THE PROBLEM –
From the first line of the data below through the line bearing "You might change", reproduce each line exactly; do not include pictures.

SOURCE RECORDS –
----------
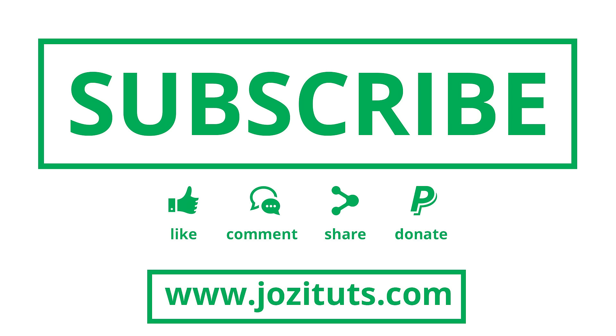So that is all I have for you guys in this tutorial. Don't forget to subscribe. Please feel free to leave a message or leave a comment, like, and share this video. It's really going to help my channel grow and I'll see you guys next time. Bye.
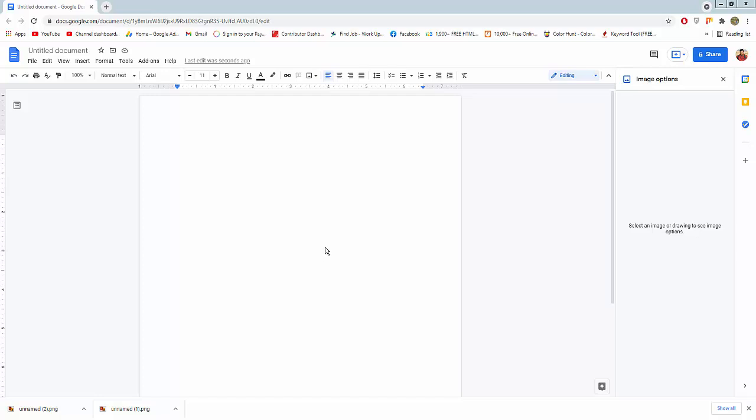Assalamu alaikum. In this video you will learn how to crop or cut images in Google Docs. Let's get started.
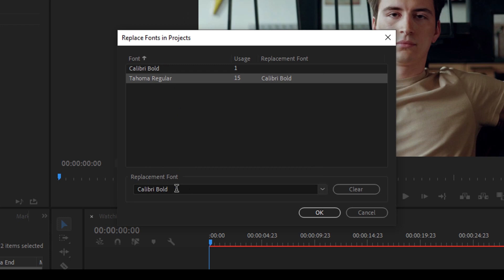You might change it to any desired font that you want. Just confirm that you are replacing the font from your source font to the replacement font here, and just hit OK.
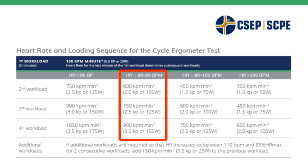Again, we're staying in the same column that we did before, increasing the resistance for the next workload to 2.5 kp.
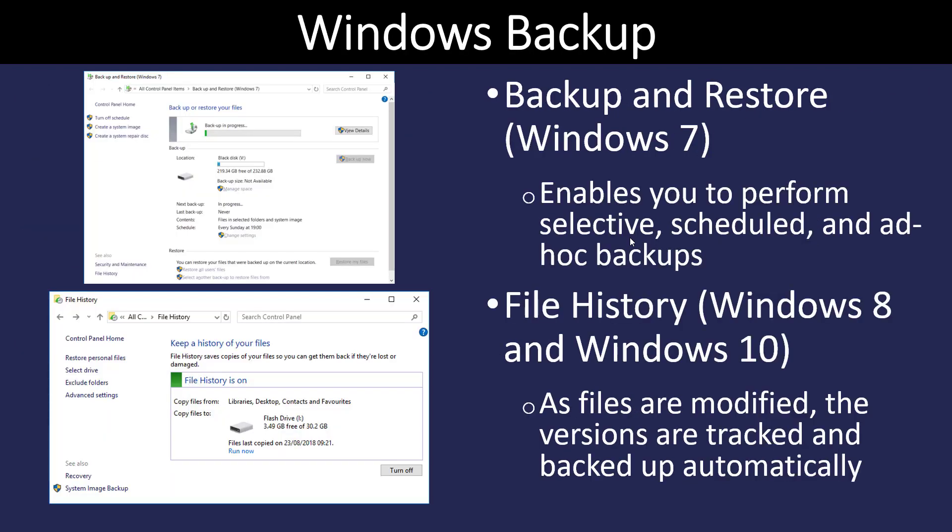Windows has a couple of different backup techniques. They have their old backup and restore from Windows 7, which allows you to select what you want to backup, schedule it, or you can just tell it to do it whenever you want.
----------
REPLY –
So that is all I have for you guys in this tutorial. Don't forget to subscribe. Please feel free to leave a message or leave a comment, like, and share this video. It's really going to help my channel grow and I'll see you guys next time. Bye.
Assalamu alaikum. In this video you will learn how to crop or cut images in Google Docs. Let's get started.
You might change it to any desired font that you want. Just confirm that you are replacing the font from your source font to the replacement font here, and just hit OK.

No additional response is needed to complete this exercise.